Image-text web data =>
= Beginning of Section =
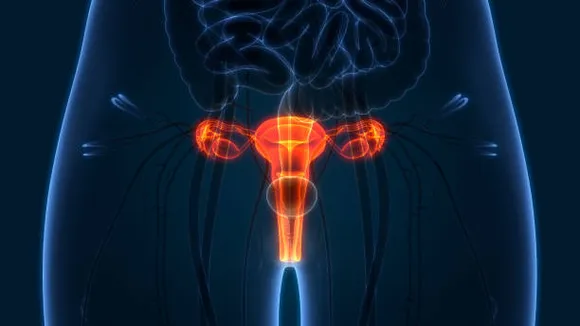 cervical cancer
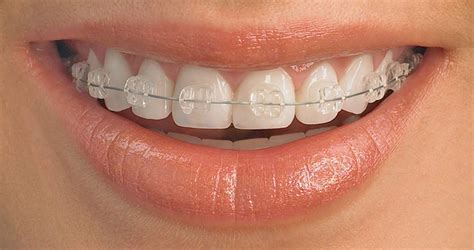 Ceramic Braces Queensgate Dental Practice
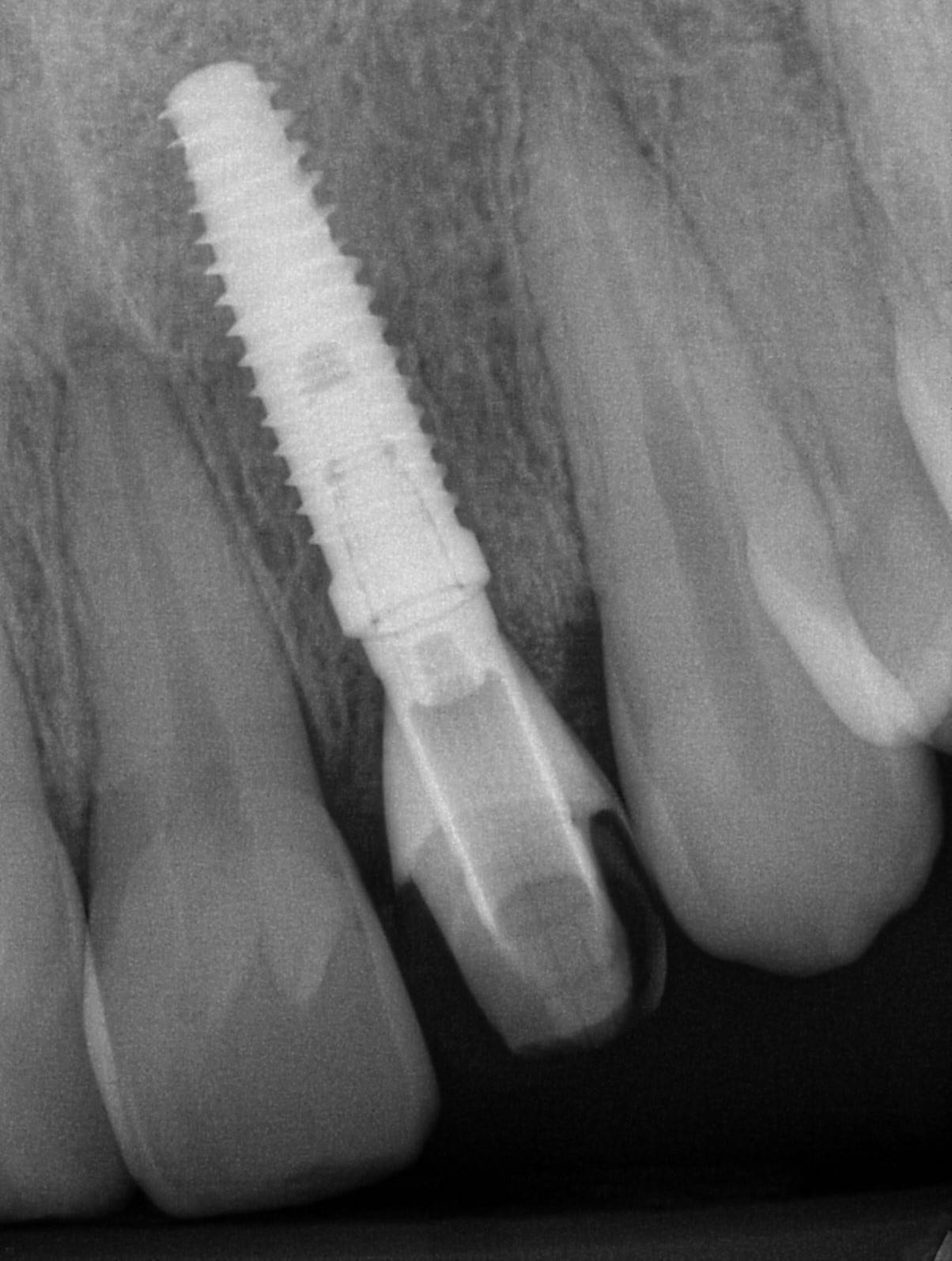 X-ray of temporary crown on implant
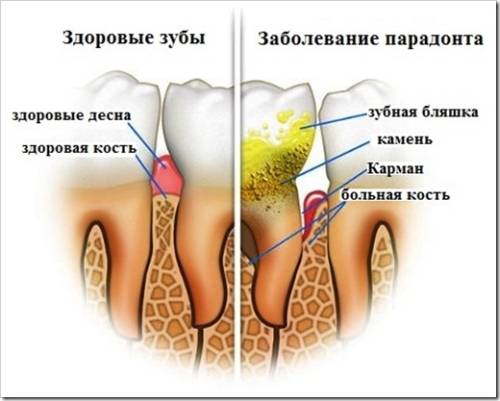 Причины появления зубного камня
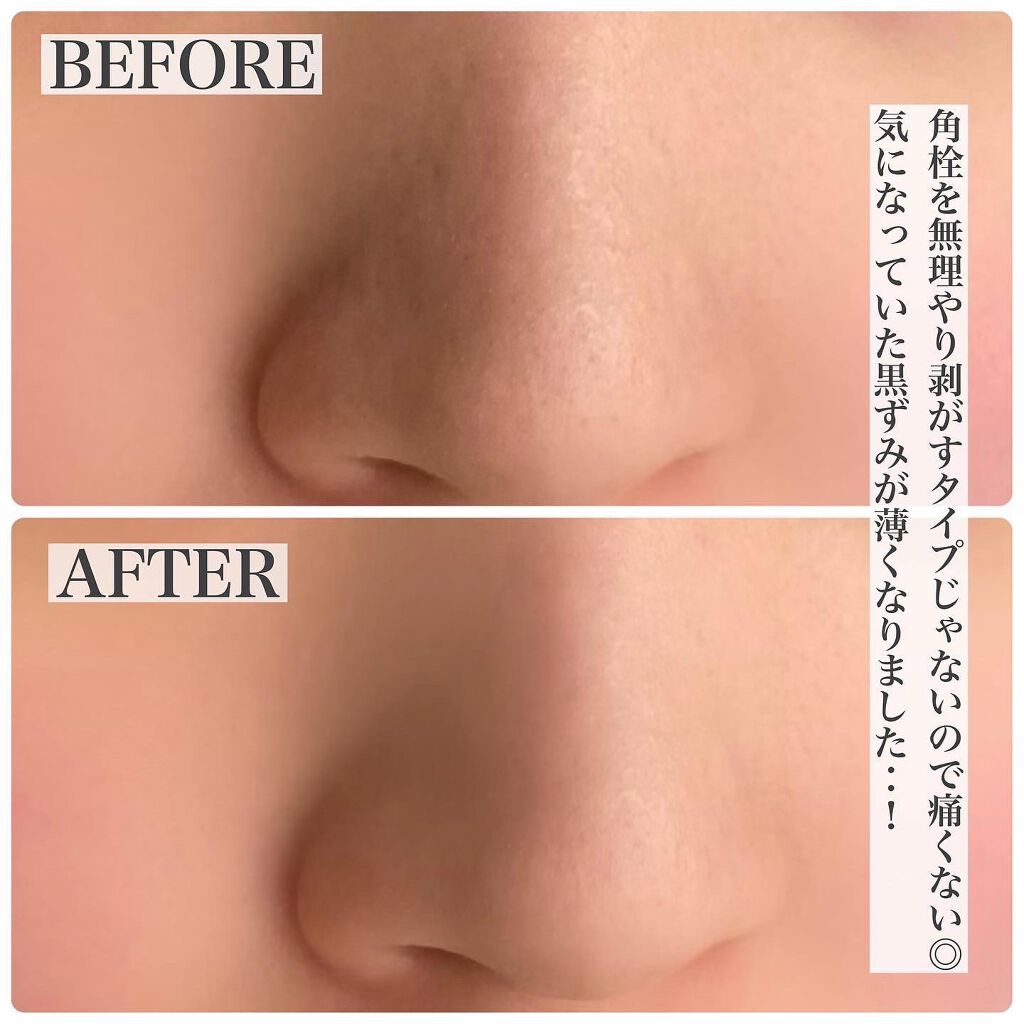 ブラックヘッドクリア2ステップノーズパッチ/DPU/シートマスク・パックを使ったクチコミ(4枚目)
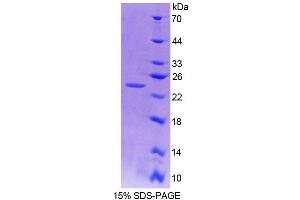 SDS-PAGE (SDS) image for Ninein (GSK3B Interacting Protein) (NIN) (AA 1-153) protein (His tag) (ABIN4989447) (Ninein Protein (AA 1-153) (His tag))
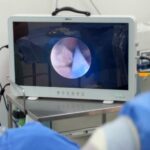 Veracruz, a la vanguardia con procesos quirúrgicos en pacientes renales.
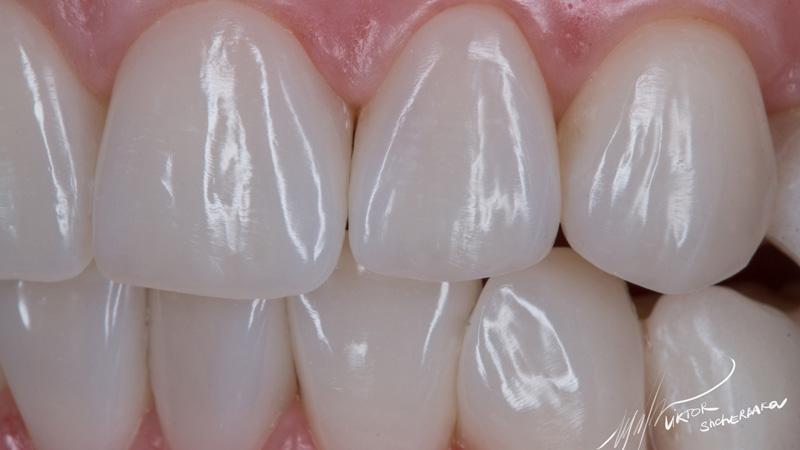 c4466c4f15b55893ea9f3e1a340c58f1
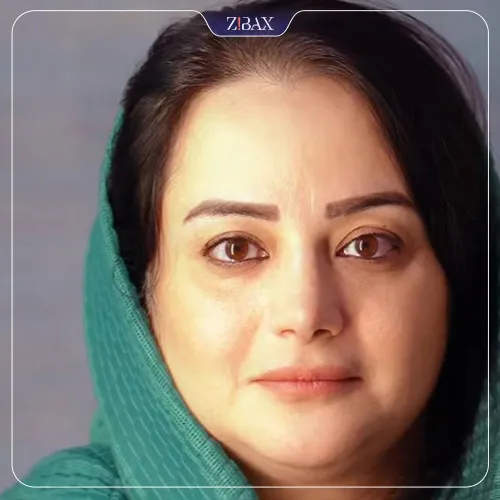 نمونه عمل جراحی بینی دکتر ابراهیم حاتمی پور — تصویر 8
= End of Section =
PROMPT => What you return must match the data above exactly, with no images included.

RESULT FOR THIS EXERCISE =>
 cervical cancer
 Ceramic Braces Queensgate Dental Practice
 X-ray of temporary crown on implant
 Причины появления зубного камня
 ブラックヘッドクリア2ステップノーズパッチ/DPU/シートマスク・パックを使ったクチコミ(4枚目)
 SDS-PAGE (SDS) image for Ninein (GSK3B Interacting Protein) (NIN) (AA 1-153) protein (His tag) (ABIN4989447) (Ninein Protein (AA 1-153) (His tag))
 Veracruz, a la vanguardia con procesos quirúrgicos en pacientes renales.
 c4466c4f15b55893ea9f3e1a340c58f1
 نمونه عمل جراحی بینی دکتر ابراهیم حاتمی پور — تصویر 8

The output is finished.